Au ministère du Patrimoine canadien. J’allais dire qu’il faut une belle dose de courage. Non, il suffirait d’une volonté claire de vous départir d’une idéologie fabriquée et de pratiques fausses par lesquelles vous prétendez qu’il y a deux minorités, donc traitement symétrique pour les deux. La notion de dualité linguistique telle qu’appliquée sert de paravent pour maintenir le déséquilibre entre les deux langues officielles. La dominante gagne du terrain au Québec, la minoritaire s’amenuise hors Québec. Vos propres données le confirment. Il y a une seule minorité de langue officielle au Canada. Occupez-vous-en. 

Aux Franco-Ontariens, assumez vos pertes, prenez le temps de vivre vos deuils. Ne soyez plus tenté par les miroirs aux alouettes du bilinguisme institutionnel. Le bilinguisme institutionnel, c’est l’ouroboros des minoritaires : il mange sa queue et s’autodétruit. La mort de la Laurentienne était annoncée depuis longtemps. Simple. Une université franco-ontarienne à visage multiple s’ouvre à vous. Des campus à l’université de Sudbury, Hearst, Toronto, Ottawa. La pleine gestion universitaire qui emprunte des locaux, des services techniques parce que vous gérez votre financement. 

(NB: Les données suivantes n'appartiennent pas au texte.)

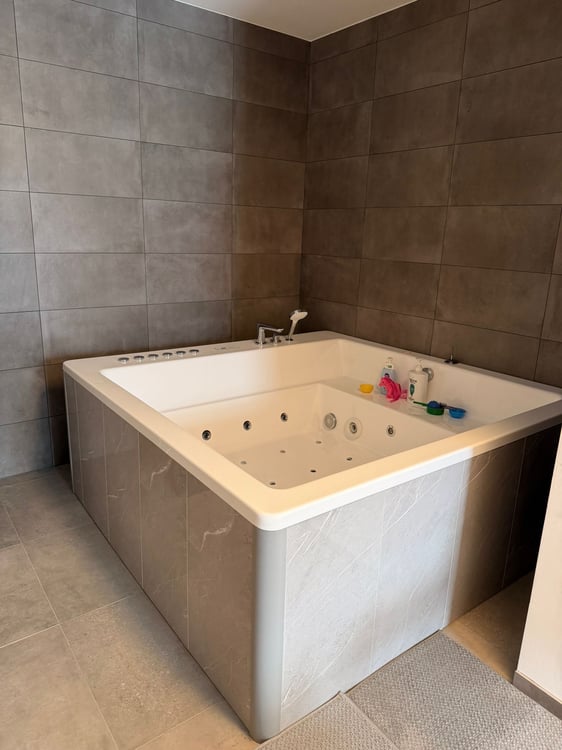 Moderne 5.5 pièces - élégante maison mitoyenne Minergie, au c?ur de Lens 9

Tant de réflexions en perspective déboucheront sur de nouveaux inconnus. L’important est de se méfier de la rigidité qui tue l’aventure de l’esprit. On ne répètera pas ce qui nous a amenés où nous sommes. Il faut croire en l’inconnu gisant au fond de soi. Vivre la langue et la culture, c’est toucher une émotion, celle du manque, de l’absence, du faillible, de l’échec. D’où aussi l’instinct de vie à la rescousse. La force positive de l’aventure «langue et culture» ne sera pleinement appréhendée que si nous avons le courage de voir sa face cachée et négative. Il y a eu des décès, il y aura des nouveau-nés. La vie n’a de sens que par la mort à laquelle elle est liée et qu’il faut assumer. Sinon, il n’y a pas de sens, mais que rigidité et mort de l’esprit. 

Ma Laurentienne est morte. La renaissance n’est pas mue par l’espérance; c’est une nécessité.